Then I used VLOOKUP to search for a match with the Index.csv-style Date and Time (e.g., 19980102-0132) data in the Index.csv worksheet, and also for a match with the Index.csv Date+Time+From combination.  (Sometimes the From field was necessary to distinguish two or more emails sent at the same time.  Because of the underscores and other oddities about the EML filenames, subjects were too different to compare in most cases.)  This identified precise matches between the two worksheets for about 80% of EMLs.

So now I was going to try using that same spreadsheet with another batch of emails exported from Thunderbird.  I exported the Index.csv and the EMLs, and set to work on the spreadsheeting process of reconciling their names and producing MOVE commands for a CMD batch file that would automatically rename large numbers of EMLs to be readable and to include data from the To field.

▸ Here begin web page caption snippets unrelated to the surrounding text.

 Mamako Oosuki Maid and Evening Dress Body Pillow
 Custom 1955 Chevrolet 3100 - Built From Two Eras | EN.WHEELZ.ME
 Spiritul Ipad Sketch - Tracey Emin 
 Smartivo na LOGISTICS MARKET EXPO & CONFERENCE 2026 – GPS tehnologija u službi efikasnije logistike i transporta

This time around, I did a first pass to bulk-recognize and batch-rename that first 80% of the EMLs.  The CMD command format was this:
MOVE /-y "Old Filename.eml" "Renamed\New Filename.eml" 2> errlog.txt
This renamed the old EMLs to the desired new EML filenames, put them into the Renamed subfolder, and gave me an error log to say what went wrong with any of the renames.  The error log wasn't very useful, so I stopped creating it in these commands.  What I had to do instead, to find out which EMLs had been successfully renamed, was to do a dirlist.txt for the Renamed folder, feed that back into the spreadsheet, and delete those lines that had executed successfully.  For about 15% of the emails, I could not automatically detect matches between data from Index.csv and actual files, so I wound up naming those files according to date, time, and sender only.  Finally, I got down to less than 1% of emails that I had to rename in a more manual fashion, mostly due to non-ASCII characters in their filenames.  For that, I used Bulk Rename Utility.

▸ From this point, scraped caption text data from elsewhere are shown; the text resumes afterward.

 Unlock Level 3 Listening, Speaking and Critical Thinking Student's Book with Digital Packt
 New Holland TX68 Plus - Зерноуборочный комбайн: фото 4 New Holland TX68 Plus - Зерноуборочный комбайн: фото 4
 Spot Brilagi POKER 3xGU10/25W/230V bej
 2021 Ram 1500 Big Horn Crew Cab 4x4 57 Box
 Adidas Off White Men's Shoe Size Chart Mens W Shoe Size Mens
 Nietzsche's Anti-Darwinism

I was not sure whether this route wound up being better than the approach of using one of the shareware programs discussed in the previous post.  I was not aware of the potential difficulties when I was looking at those programs, so for example I didn't try them out on emails with Chinese characters in their Subject fields.  The other way always looks easier after a project like this.  The approach I had taken had surely been more time-consuming than if I had known of a killer app that would do exactly what I wanted without unanticipated complications or failures.  Absent a reliable, obvious solution at an affordable price, the main thing I could say at this point was that at least the conversion to EML was done.

Final Step:  Converting EMLs into PDF

With EMLs thus exported from Thunderbird and mostly renamed to indicate date, time, sender, recipient, and subject, the remaining task was to convert the EMLs to PDF.  This, it developed, might not be as simple as I had hoped.  There was, first, the problem of finding a program that would do that.  Some of the emails were simple text and could have been easily converted to TXT format just by changing their extensions from .eml to .txt.  Acrobat and other PDF programs would readily print large numbers of text files, unlike EMLs.  Other EMLs, however, contained HTML (e.g., different fonts, different colors of print, images).  I wasn't sure what would happen if I changed their extensions and then printed.  I noticed that the change to .txt caused the HTML codes to become visible in one message that I experimented with.  When I converted that file to PDF using Acrobat, its header appeared in a relatively ugly form, but the colors and fonts seemed to be at least somewhat preserved.  In another case, though, the PDF was largely a printout of code -- a truly undesirable replacement for what had been a pretty email with photos included.  My version of Acrobat (ver. 8.2) did not provide any editable settings for conversion from text or HTML to PDF. 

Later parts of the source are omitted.